Top of Data below

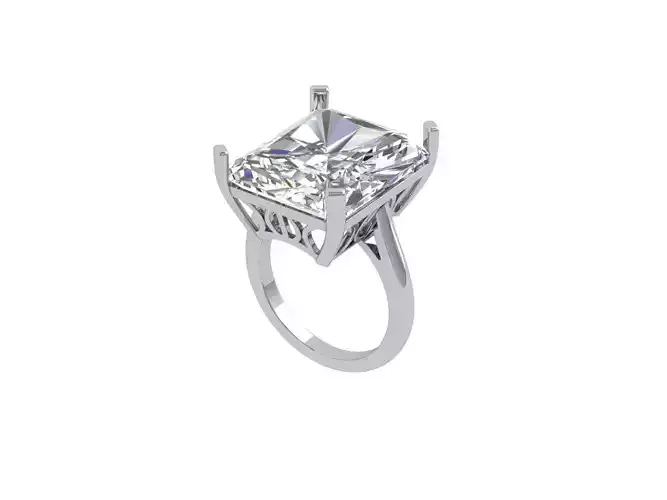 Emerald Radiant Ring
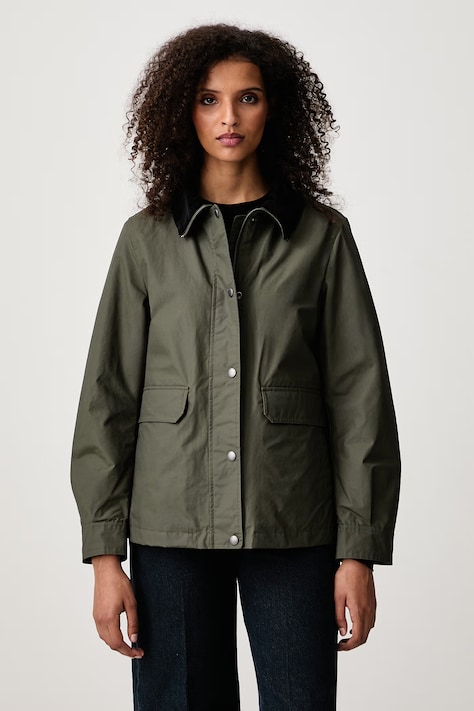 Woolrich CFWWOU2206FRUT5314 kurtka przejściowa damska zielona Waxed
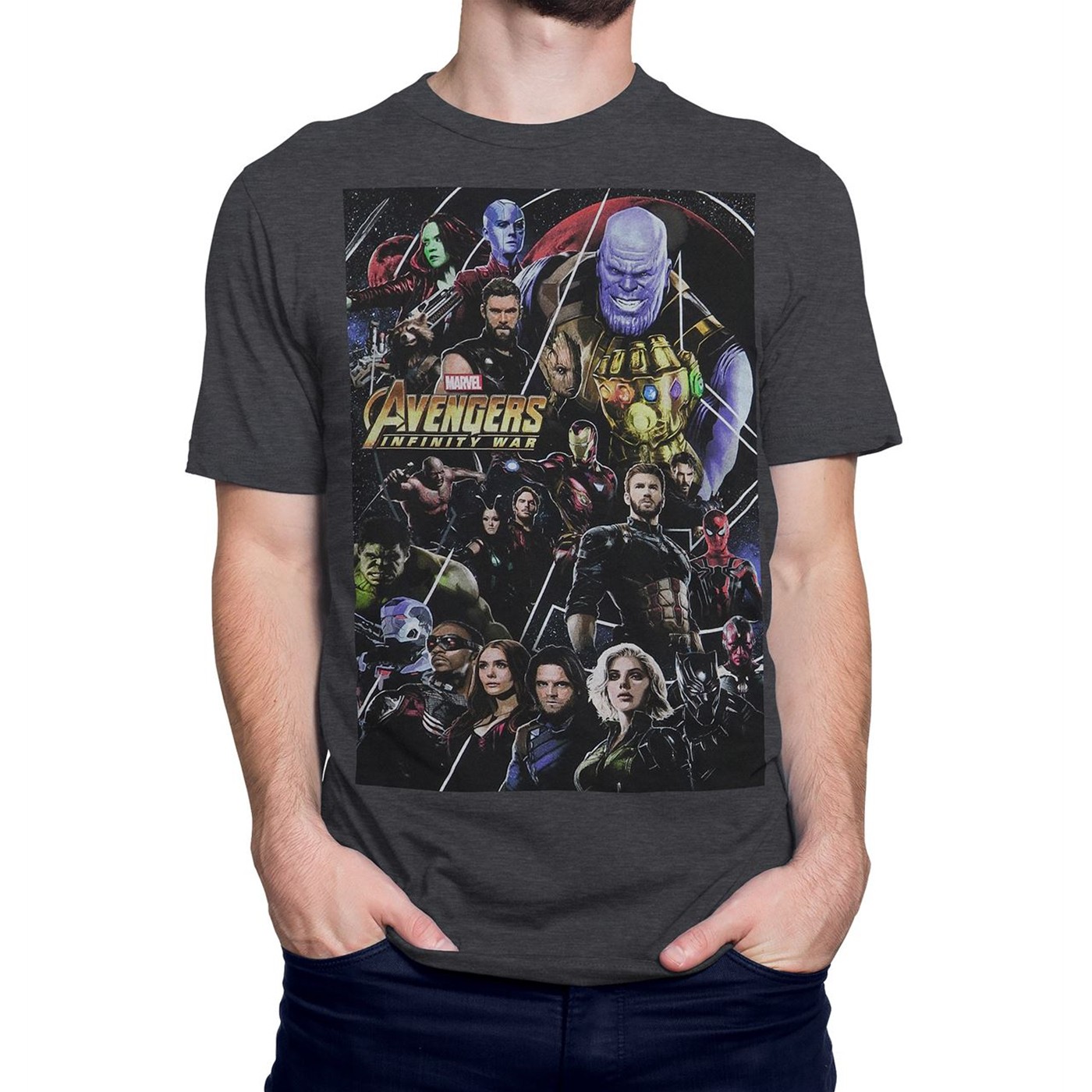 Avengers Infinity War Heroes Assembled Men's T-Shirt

Bottom of Data below

▶ **Problem to solve**: Return all material verbatim, pictures omitted.

▶ **Answer for this exercise**:
 Emerald Radiant Ring
 Woolrich CFWWOU2206FRUT5314 kurtka przejściowa damska zielona Waxed
 Avengers Infinity War Heroes Assembled Men's T-Shirt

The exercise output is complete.